Tips for getting the right fit

  • Wear the clothing you would normally wear when kayaking or eat least of similar material when shopping.
  • Try them on, tighten them up and mimic the movements you would be doing. Try paddling, twisting, sitting down on the floor if necessary.
  • Think about adjustments. The more straps, the more you can make.
  • Again, look for gender specific. Unisex may not fit as well. Ladies, remember we tend to have extra baggage and bumps. Just saying.

Test the fit

Once you have the PFD on, tighten everything up from the bottom to the shoulders, in that order. Then have someone pull up on the shoulder straps. The body of the PFD should not move. If it comes up around your chin, it’s not right. It should fit like a great pair of gloves, snug but comfortable. You do not want it slipping around causing chaffing.

Child sizing is a bit different.
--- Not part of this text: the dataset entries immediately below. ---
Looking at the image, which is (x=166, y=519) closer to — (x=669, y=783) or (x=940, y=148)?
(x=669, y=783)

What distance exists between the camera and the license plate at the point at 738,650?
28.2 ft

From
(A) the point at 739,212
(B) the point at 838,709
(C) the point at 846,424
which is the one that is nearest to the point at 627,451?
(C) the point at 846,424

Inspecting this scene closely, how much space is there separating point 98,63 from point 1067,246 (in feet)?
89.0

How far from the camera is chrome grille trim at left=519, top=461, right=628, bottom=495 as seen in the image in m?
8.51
Just to touch on this a bit, children PFDs are sized by their weight. A typical guideline that I found in my research is this.

  • Infants – 8-30lbs
  • Child – 30-50lbs
  • Youth – 50-90lbs

Safety First!

No matter what water activity you are embarking on, safety should come first. I hope that the information that I have provided will help you make an informed decision about the right PDF for you. I would love to know how your journey is going and if you have anything to add to this, leave me a comment below.

Thanks for taking the time to read and spend some time with me.